### Material shown

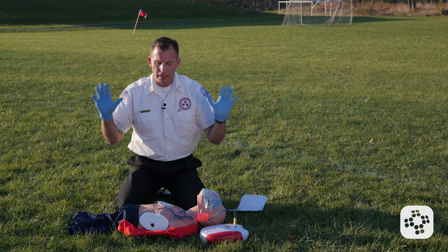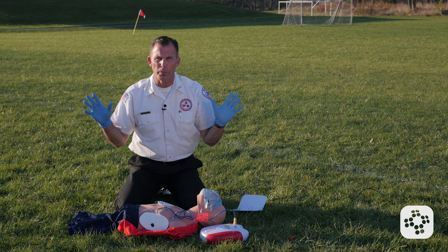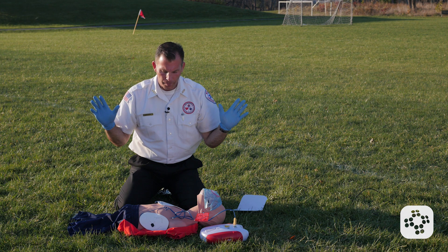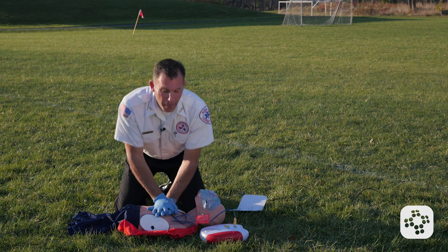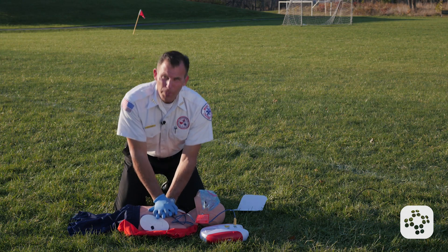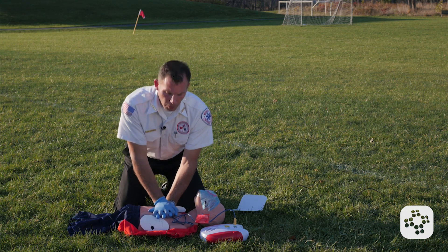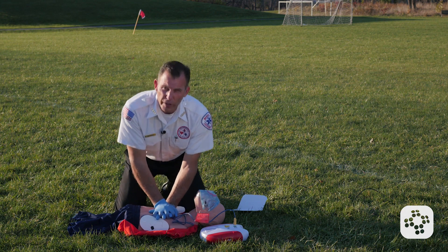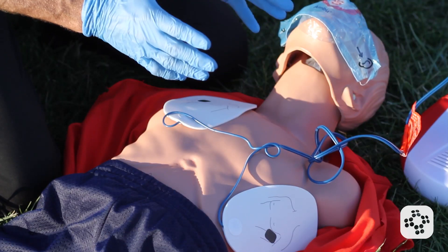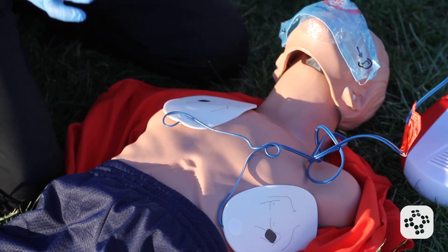Now that the AED interrupts and tells me to stand clear, I stop touching the patient. No shock advised. Begin five cycles of CPR — go right back into CPR the same way we did before: 30 compressions to a third of the depth of the chest, followed by two rescue breaths, until the AED interrupts us and tells us to stand clear while it analyzes.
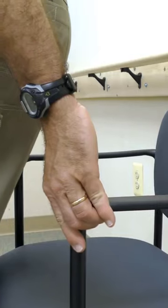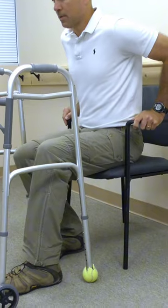Put the involved leg out slightly and reach back for the chair. Always sit in a chair that has an armrest. Sit on the front edge of the chair, then scoot back.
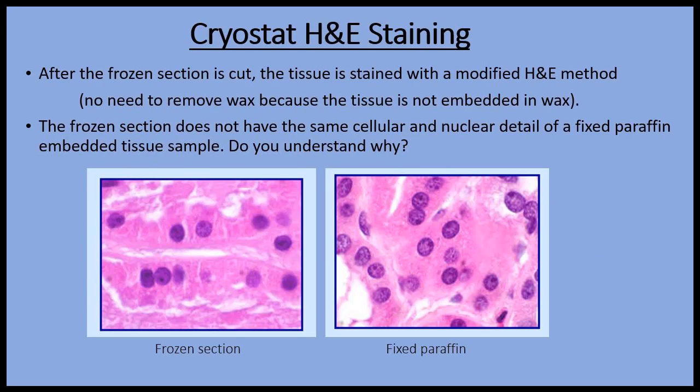After the frozen section is cut, it can be stained with a modified hematoxylin and eosin stain or a special stain. The staining is rapid because there are no steps to remove the wax.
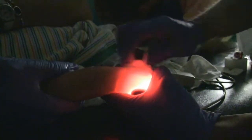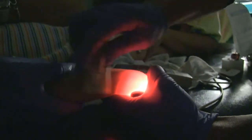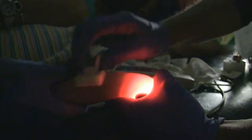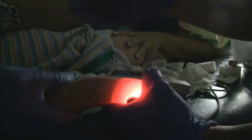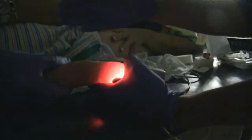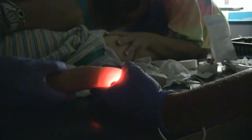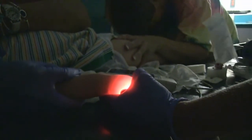Now, do you keep the light on when you put the IV in? I do. I hold it just right behind the hand with this hand, and then I'll use my other hand to stick. Sometimes I get somebody to turn the light on once I see a flash.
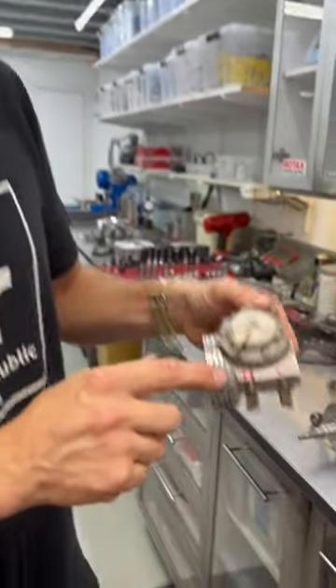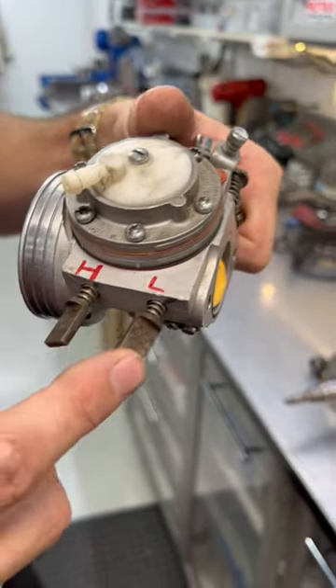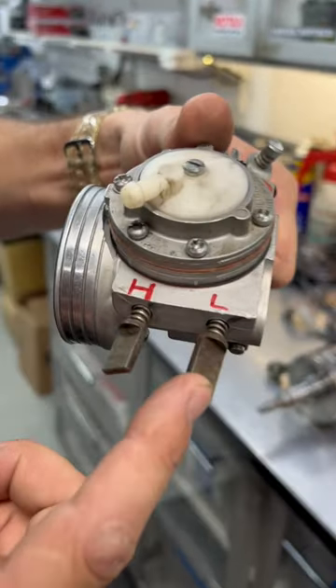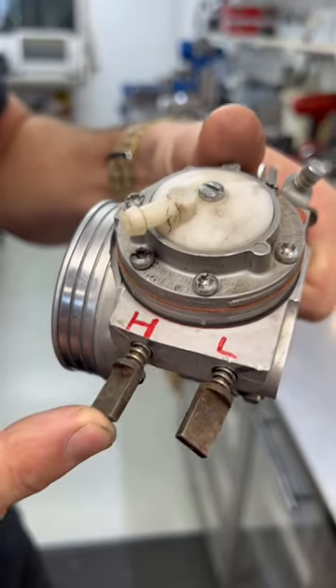Hey guys, did you know that on an iArmy Tillotson carburetor, the jet closest to the air box is the high-speed jet and the jet closest to the engine is the low-speed jet? We set this one at one turn open and this one at one and a half turns open, and you're good to go.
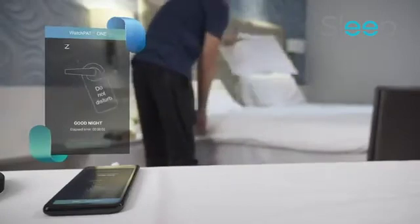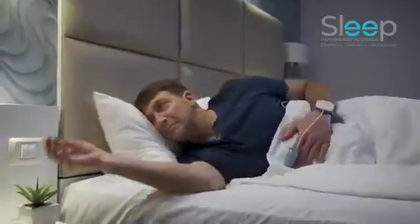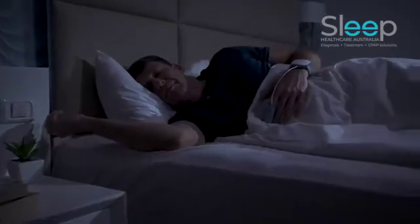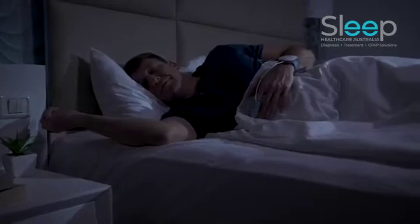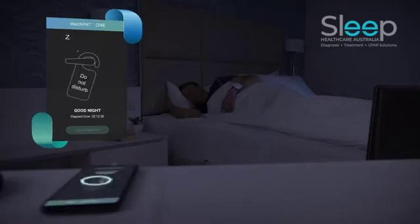It is now time to go to sleep. Good night. If you need to get up during the night for any reason, leave the phone plugged in — there is no need to carry the phone with you. The Watchpat will automatically re-sync with your phone once you re-enter the room.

######

#### [Instructions for the task]
Extract the text of all the records above verbatim, excluding pictures.

#### [Solution]
Now that the AED interrupts and tells me to stand clear, I stop touching the patient. No shock advised. Begin five cycles of CPR — go right back into CPR the same way we did before: 30 compressions to a third of the depth of the chest, followed by two rescue breaths, until the AED interrupts us and tells us to stand clear while it analyzes.
Put the involved leg out slightly and reach back for the chair. Always sit in a chair that has an armrest. Sit on the front edge of the chair, then scoot back.
After the frozen section is cut, it can be stained with a modified hematoxylin and eosin stain or a special stain. The staining is rapid because there are no steps to remove the wax.
Now, do you keep the light on when you put the IV in? I do. I hold it just right behind the hand with this hand, and then I'll use my other hand to stick. Sometimes I get somebody to turn the light on once I see a flash.
Hey guys, did you know that on an iArmy Tillotson carburetor, the jet closest to the air box is the high-speed jet and the jet closest to the engine is the low-speed jet? We set this one at one turn open and this one at one and a half turns open, and you're good to go.
It is now time to go to sleep. Good night. If you need to get up during the night for any reason, leave the phone plugged in — there is no need to carry the phone with you. The Watchpat will automatically re-sync with your phone once you re-enter the room.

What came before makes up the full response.